Jocelyn Bell Burnell
Jocelyn Bell Burnell (née en 1943) est une astrophysicienne britannique, célèbre pour avoir découvert les premiers pulsars en 1967 alors qu'elle était encore étudiante de doctorat sous la direction de Antony Hewish. Lors de ses recherches, elle a observé un signal régulier d'ondes radio, qu'elle a initialement pensé être un "signal extraterrestre", avant de réaliser qu'il provenait d'un pulsar, une étoile à neutrons en rotation. Bien que Antony Hewish ait reçu le prix Nobel en 1974 pour cette découverte, Jocelyn Bell Burnell, qui a joué un rôle central, n'a pas été incluse, ce qui a suscité de vives critiques. Elle a finalement continué à avoir une carrière brillante et a défendu l'égalité dans les sciences, recevant de nombreuses distinctions, notamment le prix Breakthrough Prize en 2018.
Lise Meitner
Lise Meitner (1878-1968) était une physicienne autrichienne d'origine juive, connue pour sa contribution essentielle à la découverte de la fission nucléaire. En collaboration avec Otto Hahn, elle a interprété les résultats expérimentaux montrant la division du noyau atomique, une découverte fondamentale qui a conduit à la compréhension de l'énergie nucléaire.

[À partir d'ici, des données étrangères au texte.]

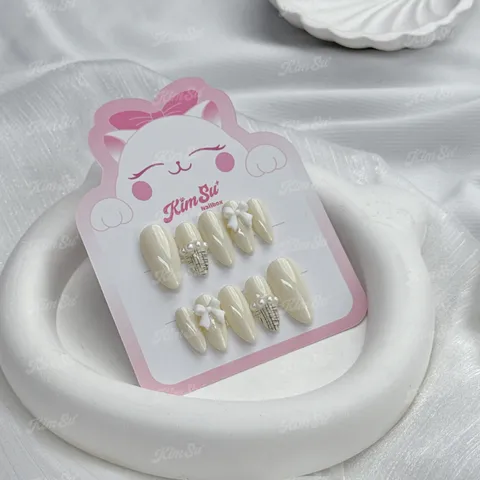 [M053] Nailbox đính nơ tiểu thư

Elle a été injustement ignorée au prix Nobel, alors que son collègue l'a reçu en 1944. Malgré les obstacles auxquels elle a été confrontée en raison de son genre et de ses origines, elle a fini par recevoir une certaine reconnaissance.
Ada Lovelace
Ada Lovelace (1815-1852) était une mathématicienne et écrivaine britannique, surtout connue pour son travail sur la machine analytique de Charles Babbage, un précurseur de l'ordinateur moderne. Elle a été la première à comprendre que la machine de Babbage pouvait être utilisée pour effectuer des calculs généraux et pas seulement des calculs numériques. Elle est considérée comme la première programmeuse informatique grâce à ses notes détaillées sur le fonctionnement de cette machine, y compris un algorithme pour calculer les nombres de Bernoulli. Ses contributions sont restées méconnues, ce milieu n'accordant que peu d'importance aux travaux féminins à l'époque.
Katherine Johnson
Katherine Johnson (1918-2020) était une mathématicienne et physicienne américaine, pionnière dans le domaine des sciences spatiales. Elle a travaillé pour la NASA pendant plus de 30 ans, où elle a effectué des calculs complexes qui ont été essentiels pour les missions spatiales, notamment le vol spatial de John Glenn en 1962, pour lequel ses calculs de trajectoire ont assuré le succès de la mission. Elle a aussi contribué à la planification des premières missions lunaires. Katherine Johnson a surmonté les obstacles liés à la ségrégation raciale et au sexisme, devenant une figure emblématique de l'égalité des droits. Son travail a été reconnu bien tard, une fois sa carrière achevée, par la médaille présidentielle de la liberté, qu'elle a reçue en 2015, quelques années avant son décès.
Grace Hopper
Grace Hopper (1906-1992) était une informaticienne et contre-amiral de la marine américaine. Elle est surtout connue pour ses contributions majeures au développement des langages de programmation. Dans les années 1950, elle a participé à la création du premier compilateur, un programme qui traduisait le code source en langage machine, facilitant ainsi la programmation. Pourtant, seul John von Neumann a été présenté comme l'initiateur de ce dernier. Elle a également joué un rôle clé dans la création du langage COBOL, qui est encore utilisé dans certaines applications aujourd'hui. Ce n'est qu'en 1983 qu'elle a été lauréate du prix Ada Lovelace, attribué aux personnes qui ont rendu un service extraordinaire à la communauté informatique par le biais de contributions au nom des femmes dans ce domaine.